═════ Given records

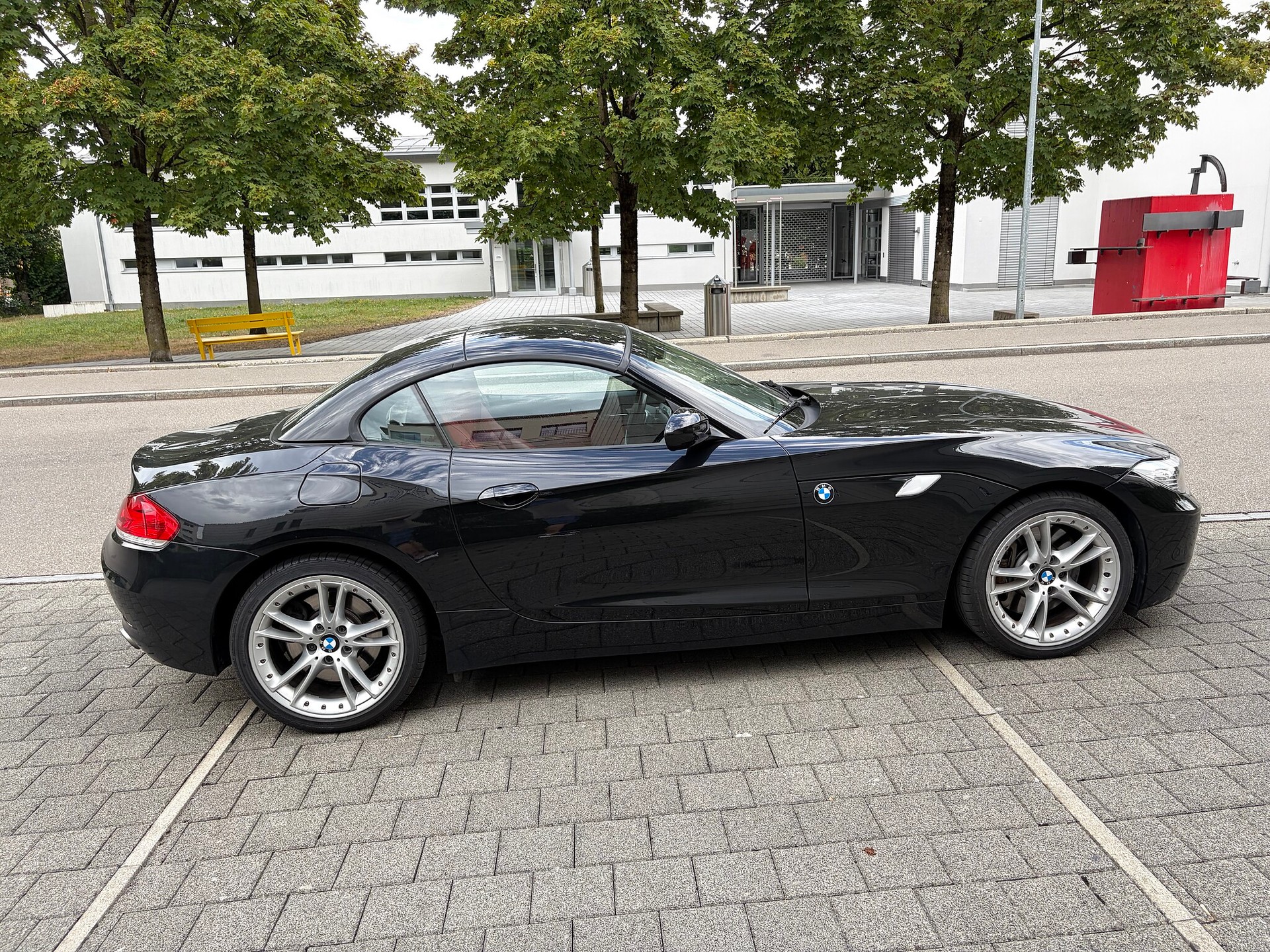 BMW Z4 sDrive35i DKG-image-3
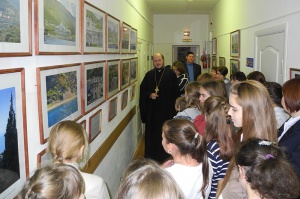 В художественной школе города Будённовска открылась фотовыставка «Благословенный Афон»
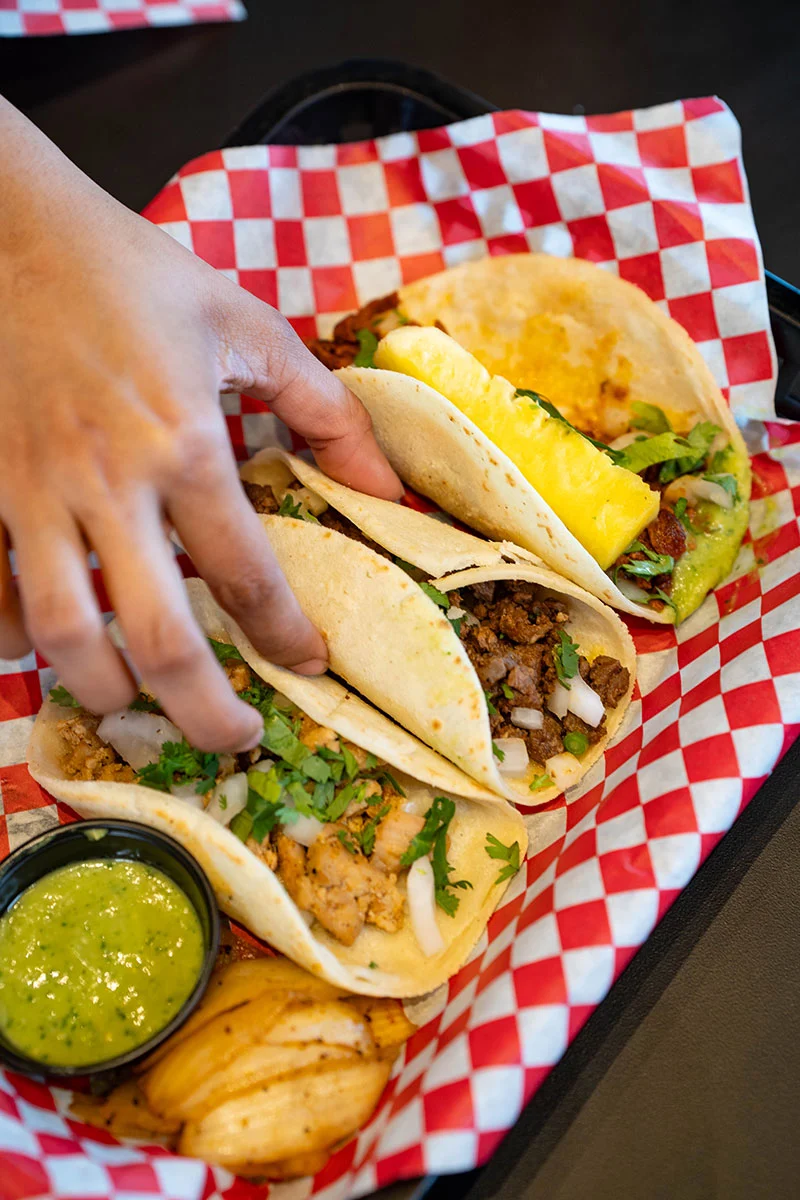 Lolis Tacos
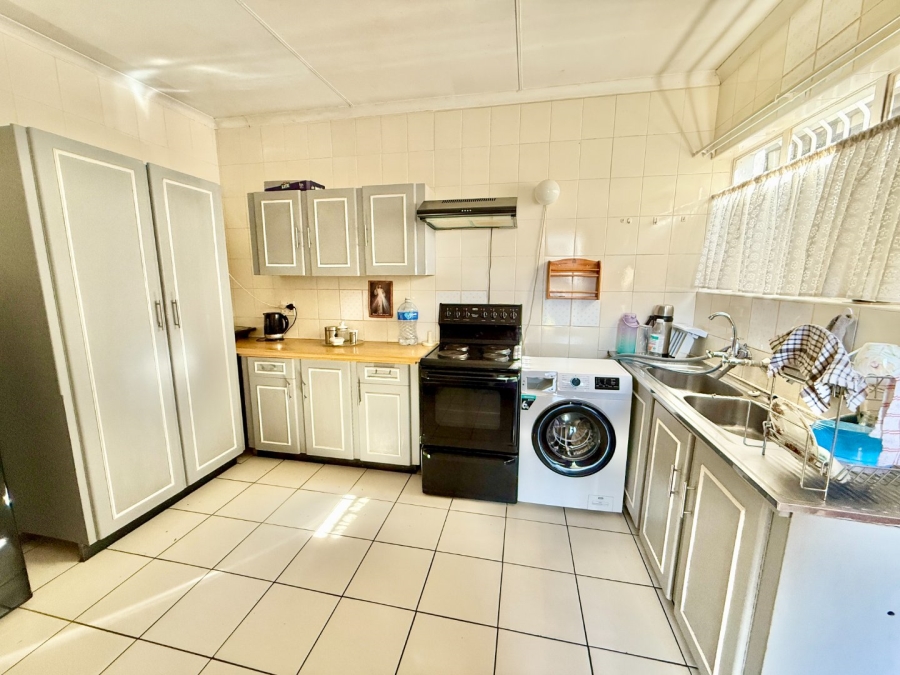4 Bedroom Property for Sale in Brackenhurst Gauteng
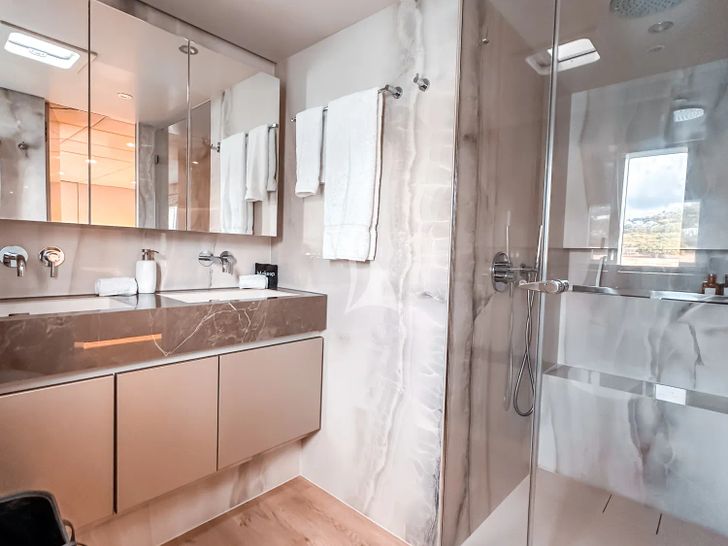 SEACLUSION Sunreef 80 - master cabin bathroom SEACLUSION Sunreef 80 - master cabin bathroom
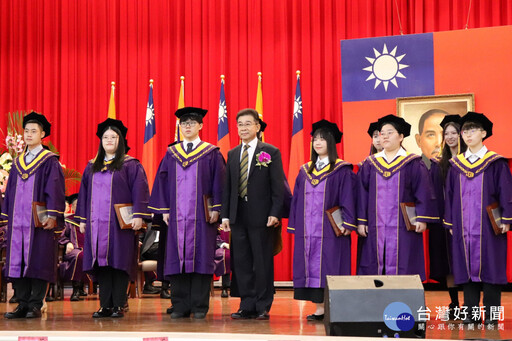 長庚大學畢業典禮 千人拋帽互道祝福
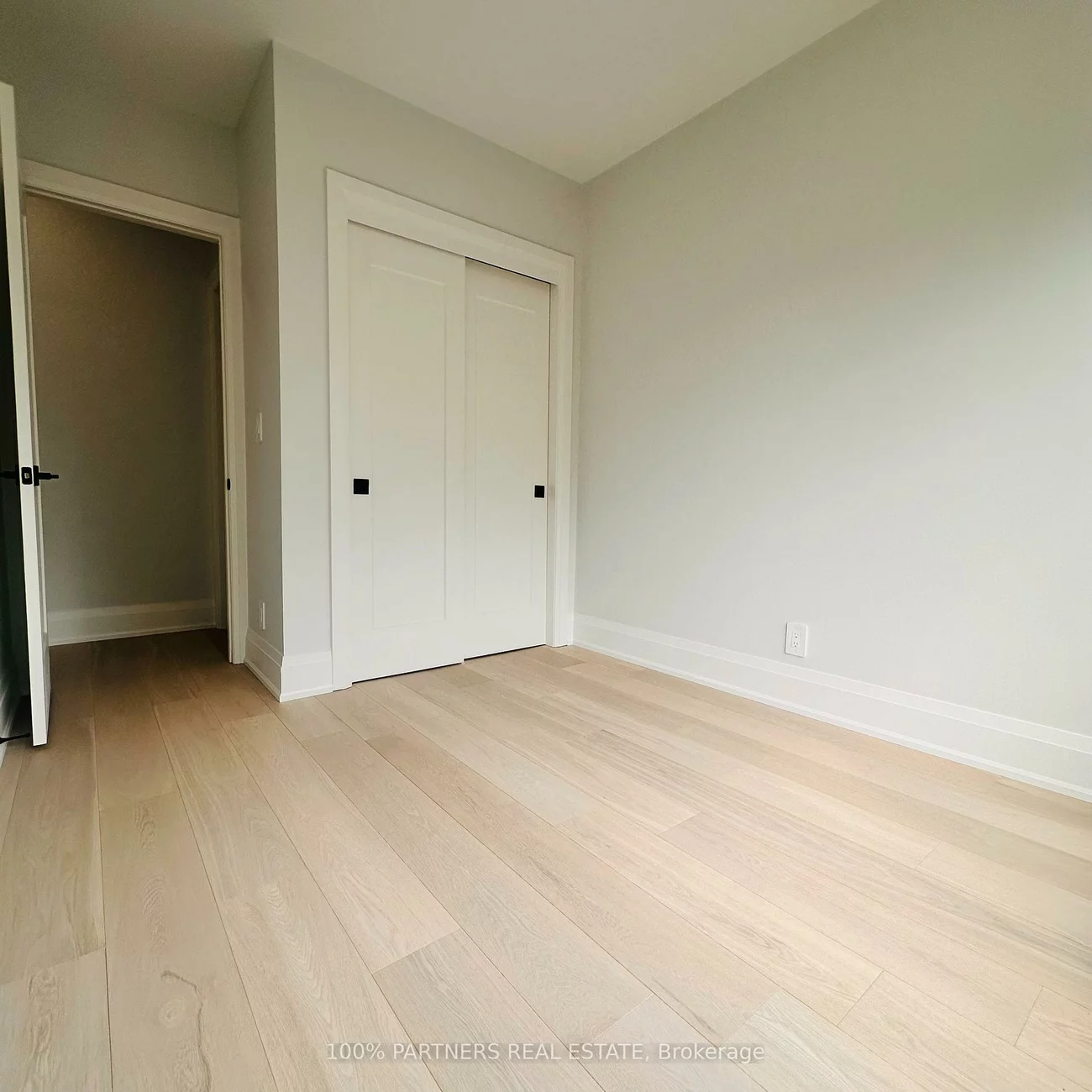 59, Charles, Central Newmarket, Newmarket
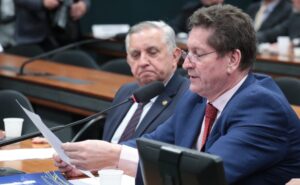 Comissão de Orçamento fará 23 audiências públicas para ouvir ministros e debater financiamentos
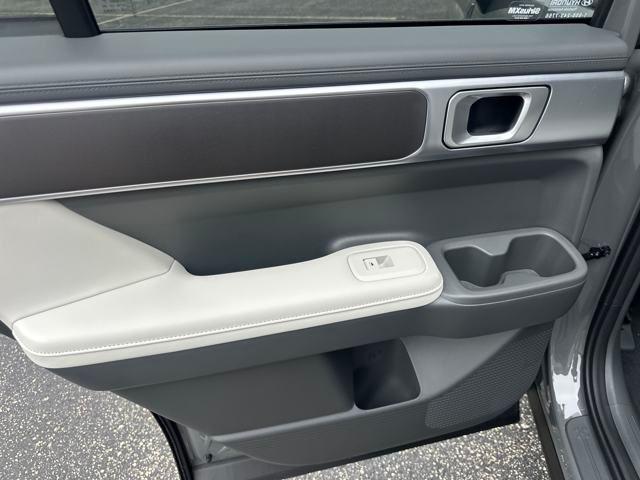 new 2025 Hyundai Santa Fe car, priced at $39,153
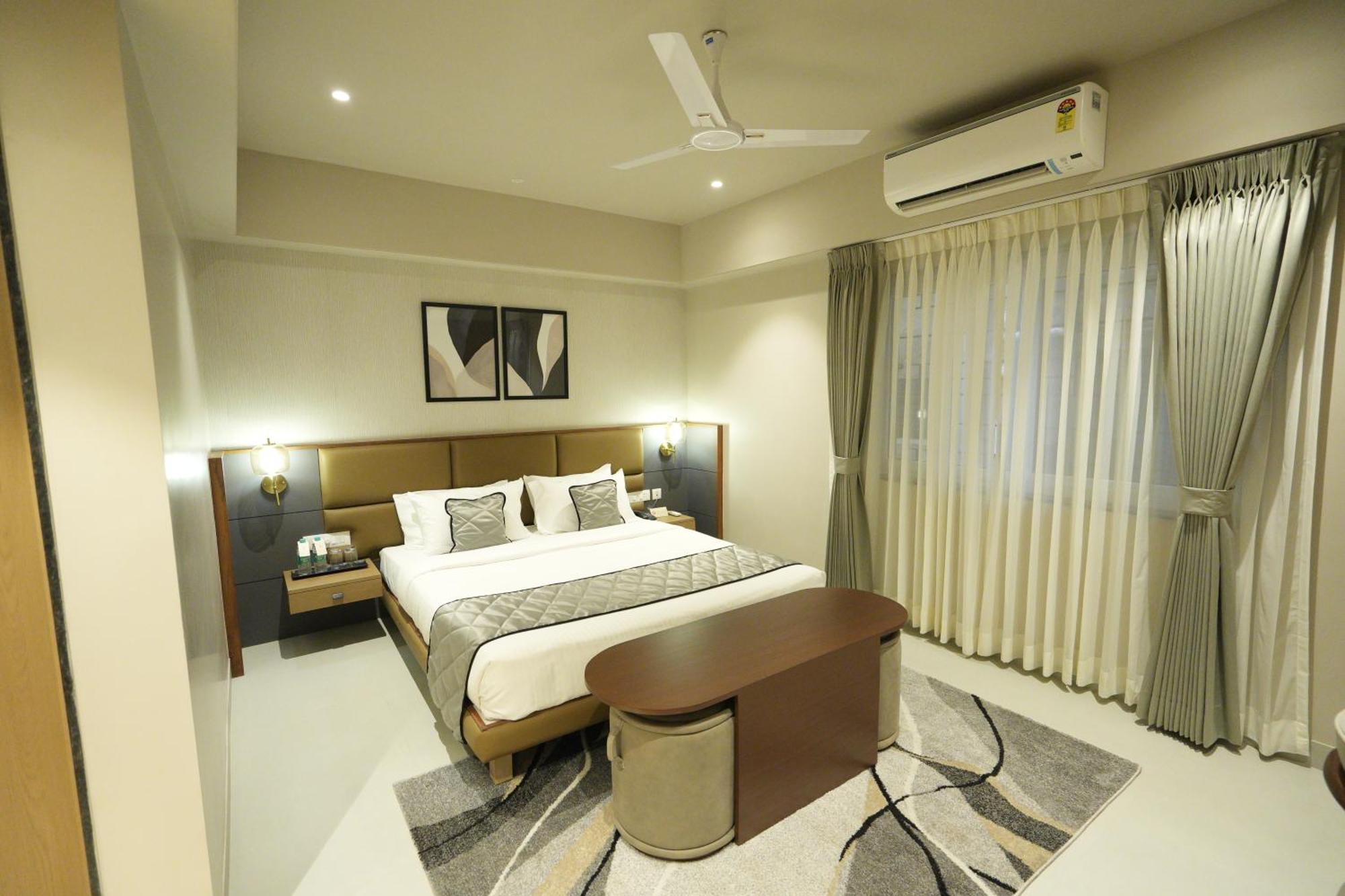 Sivanta By Bombay Group Of 3*
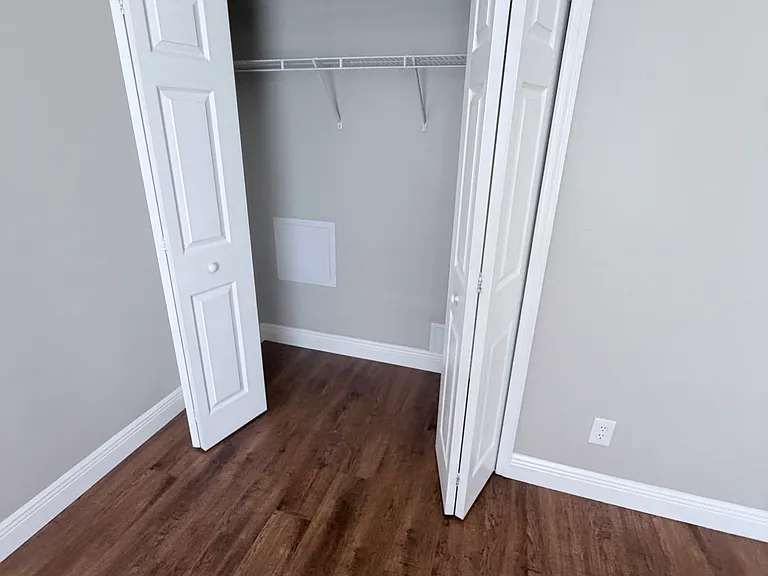 5373 Outlook Dr — Photo 27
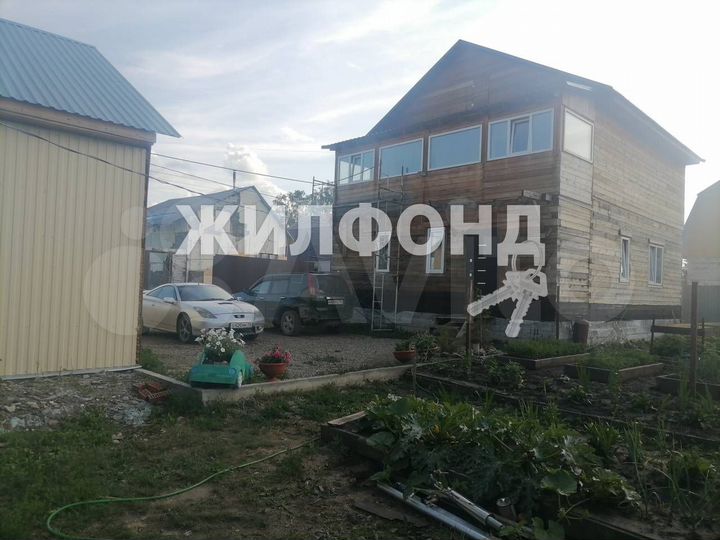 Дом 139,3 м² на участке 8,1 сот.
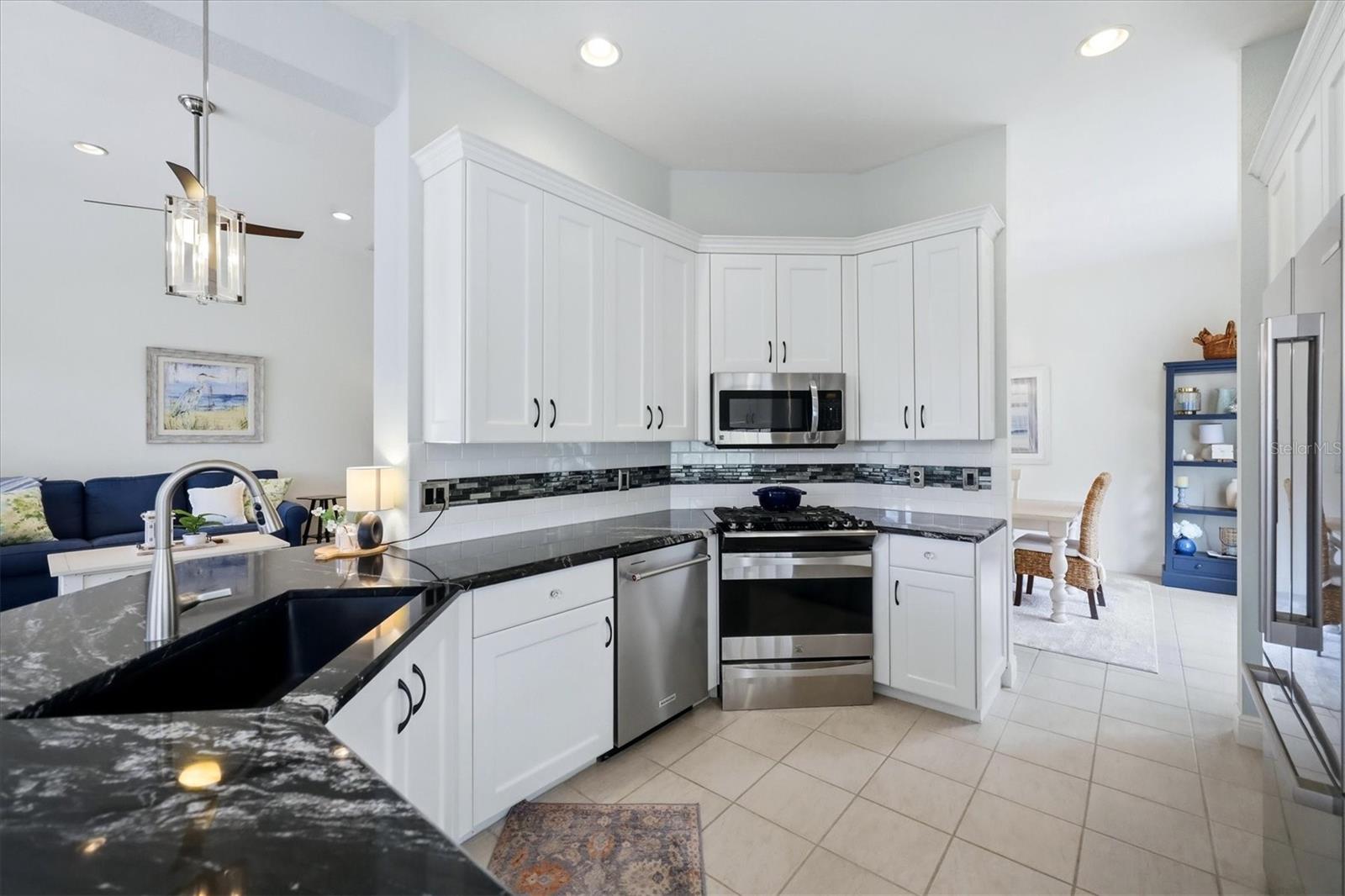7319 Windemere Ln Property Photo 11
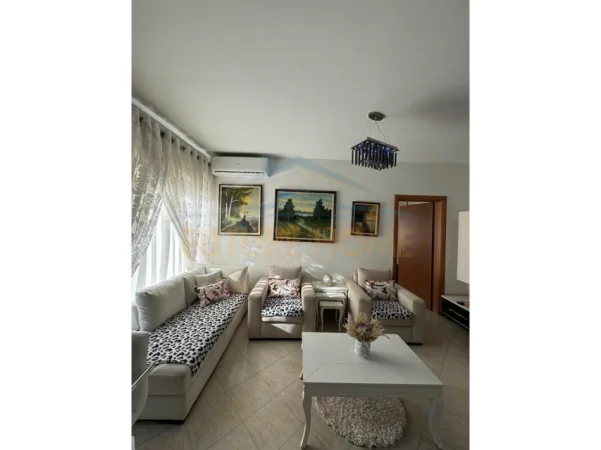 Tirane, jepet me qera apartament Kati 3, 65 m² 400 € (Rruga Muhamed Deliu,Fresk)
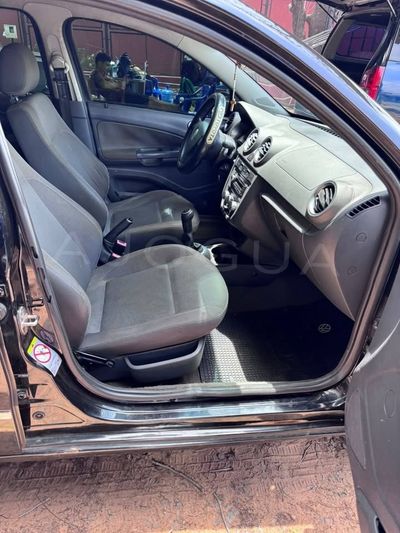 Volkswagen Gol miniatura 5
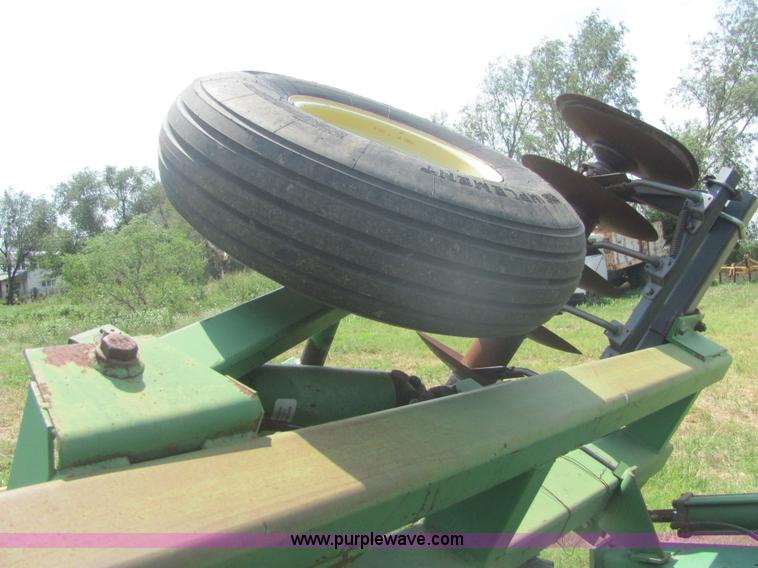 image for item A3552 John Deere 21' disk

══════════

**Your goal**
Output nothing but the records, word for word, and none of their pictures.

**Answer to this exercise**
 BMW Z4 sDrive35i DKG-image-3
 В художественной школе города Будённовска открылась фотовыставка «Благословенный Афон»
 Lolis Tacos
4 Bedroom Property for Sale in Brackenhurst Gauteng
 SEACLUSION Sunreef 80 - master cabin bathroom SEACLUSION Sunreef 80 - master cabin bathroom
 長庚大學畢業典禮 千人拋帽互道祝福
 59, Charles, Central Newmarket, Newmarket
 Comissão de Orçamento fará 23 audiências públicas para ouvir ministros e debater financiamentos
 new 2025 Hyundai Santa Fe car, priced at $39,153
 Sivanta By Bombay Group Of 3*
 5373 Outlook Dr — Photo 27
 Дом 139,3 м² на участке 8,1 сот.
7319 Windemere Ln Property Photo 11
 Tirane, jepet me qera apartament Kati 3, 65 m² 400 € (Rruga Muhamed Deliu,Fresk)
 Volkswagen Gol miniatura 5
 image for item A3552 John Deere 21' disk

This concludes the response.